Closed canatella closed 1 year ago
@canatella, thanks for the work. Can you explain why do you think that the handler/status_update pointer becomes invalid?
Honestly, I just got a clue by the fact that the stack trace is pointing at https://github.com/uriyacovy/NukiBleEsp32/blob/1de629002a03e6fffc9acd8b746baf498b50f77b/src/NukiBle.cpp#L244 where there is nothing going on but two pointer access:
Now looking at the doc: https://docs.espressif.com/projects/esp-idf/en/latest/esp32/api-guides/fatal-errors.html#loadprohibited-storeprohibited: LoadProhibited, StoreProhibited
These CPU exceptions happen when an application attempts to read from or write to an invalid memory location. The address which has been written/read is found in the EXCVADDR register in the register dump.
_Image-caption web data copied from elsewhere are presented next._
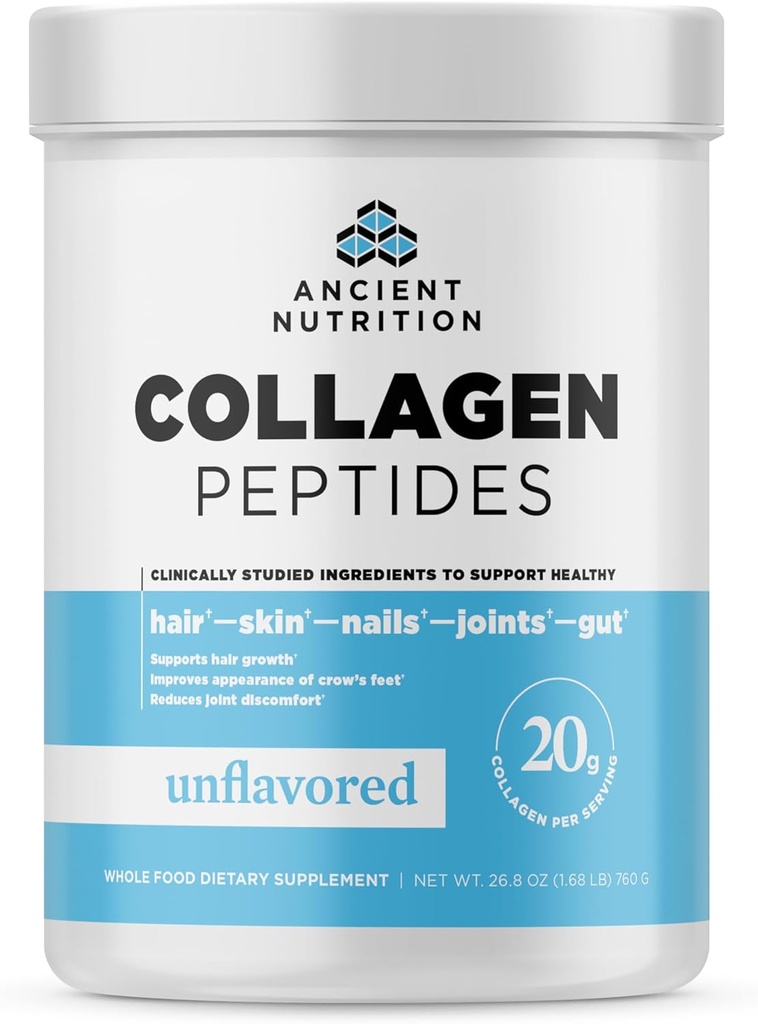 Αρχαία διατροφή Κολλαγόνο Πεπτίδες, Collagen Peptides σκόνη, Unflaved Hydrolyzed Collagen, Υποστηρίζει υγιή δέρμα, αρθρώσεις, Gut, Keto και Παλαιό φιλικό, 38 Υπηρεσίες, 20g Collagen ανά υπηρεσία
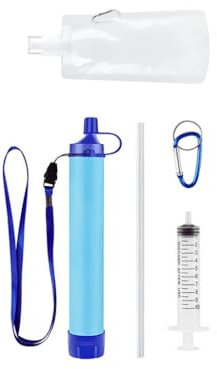 Outdoor Water Filter Straw – Portable Personal Drinking Straw Filter for Camping, Hiking, Survival – Removes Bacteria, Parasites & Microplastics from Rivers, Lakes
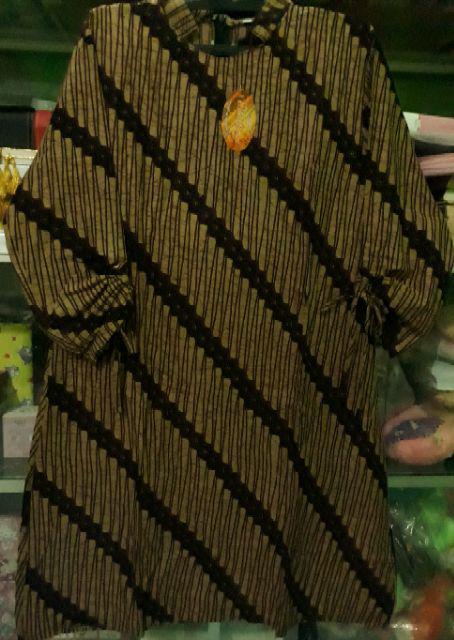 Couple Tunik Sogan Serut Genes Apsari Coklat Batik Modern Midi Sarimbit Kerja Seragam Kantor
If this address is zero, it usually means that the application has attempted to dereference a NULL pointer. If this address is close to zero, it usually means that the application has attempted to access a member of a structure, but the pointer to the structure is NULL. If this address is something else (garbage value, not in 0x3fxxxxxx - 0x6xxxxxxx range), it likely means that the pointer used to access the data is either not initialized or has been corrupted.
According to the stack trace: EXCVADDR: 0x000000ff
so it looks like we are dereferencing a pointer in a NULL struct, the offset is 255 bytes which is quite large and also looks like a strange value to me, but that doesn't allow differentiating between the two dereferences without looking at the struct generated by the compiler (which is possible but maybe not worth it here).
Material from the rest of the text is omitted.